The JSA is tricky to interpret and
use, but overall its testimonies support a narrative radically different to the
popular “mfecane”. Laband deliberately doesn’t engage in scholarly debates, as
I did, letting the story tell itself, as it were, in serviceable and readable
fashion, and more fully describing Zulu cultural mores. Though we differ in
emphasis and interpretation here and there, I think our books lie rather
fruitfully alongside one another.
Myth of Iron has provoked some other interesting
responses. One is to have had some influence on Shaka’s latest literary incarnation
– the graphic novel. (It had to happen sometime!) With Shaka Rising, Luke W Molver and Mason O’Connor with Jive Media Africa
(website here) has recently published an account of Shaka’s
accession to power in a vivacious and thoughtful way. The artwork is powerful, rendered
largely in rich ochres and reds, and the storyline is compelling – as Shaka’s
rise from obscurity to power can only be. Shaka
Rising is a fiction, of course, and some characters are conscious inventions
deployed to enliven and sharpen the narrative. Relatively little evidence is
available anywhere about Shaka’s childhood and youth, and different stories
compete in the traditions. Molver and O’Connor have chosen a version in which
Shaka goes into exile not as a child, but as an upcoming and potentially
troublesome young man, earning his military kudos under Dingiswayo of the
Mthethwa, who then boosts him into power over his brothers. (Shaka’s conflict
with, and ultimate murder of brother Sigujana is a central thread of the story.) If the images owe perhaps a little too much to
the honed physiques of Henry Cele and the 1987 TV series Shaka Zulu, and the background architecture a little too much to that
of North American stockades, it is a pretty complex and persuasive view of the
period.
Most interestingly
in the context of the “mfecane”, Shaka
Rising follows the (still controversial and unproven) view propounded by
Cobbing and endorsed, with some caveats, in Myth
of Iron – the view that a primary stimulus of violence was slaving,
crucially conducted by Ndwandwe middlemen who occupied territory between the
Zulu-Mthethwa nexus on the Mfolozi rivers and Delagoa Bay (Maputo). So, instead of the Wiki map, which has the usual
bundle of arrows shooting away from the Zulu heartland, like sparks from a
fire, in Shaka Rising we have a map
in which the arrows emanate from the Ndwandwe. This, too, may be an
oversimplification, of course, but at least it provides an alternative to the
myth. Most gratifyingly, a section at the back of Shaka Rising lays out for readers all the questions I’ve raised
here: it stresses the story’s fictionality, the possibility of other versions,
the dubious nature of many of the sources, and the existence of ongoing
controversy – inviting one into the debate, rather than closing it off.
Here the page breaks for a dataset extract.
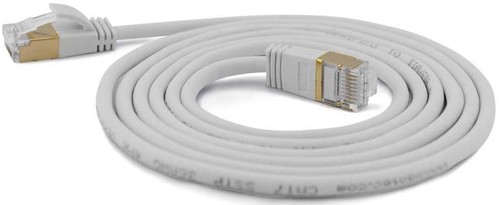 Wantec SSTP-Patchkabel Cat.6A gr 0,2m Steck. 4mm 7184 gr 0,2m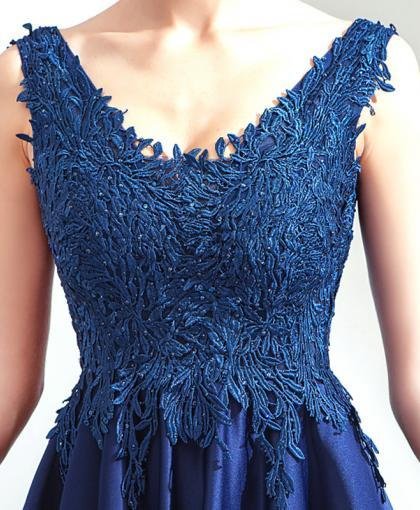 Royal Blue prom dress-955-03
With my Mkhize mentors, and Zihlandhlo T-shirts! |
I believe a sequel
is in the works, and I look forward to it. Zulu history before the 1879 war remains
rather neglected: we still await scholarly biographies of Dingane and Mpande,
kings just as important to the foundation of the Zulu polity as their
half-brother Shaka. I hope Zulu scholars are weighing in, though another
consequence of Myth of Iron was a
salutary reminder that university, on-paper scholarship is not the mode of
history most relevant to most people. A couple of years ago, on the strength of
my portrayal of the partnership between Shaka and his neighbouring Mkhize
chieftain Zihlandhlo, I was invited to a Zulu-Mhkize reconciliation indaba at one
of King Zwelithini’s rural palaces.
It was totally fascinating: politics in a
mode that one almost never sees in the national press, conducted entirely in
Zulu, dense with protocols and rich with undercurrents which this displaced
white Zimbo could still only guess at. Thank goodness for the lovely Mhkize
gentlemen who shepherded me through the day. It was history living into the future
in a wholly different way, in which, one could say, the truth of the present is
more important than the truth about the past – however one conceives of that.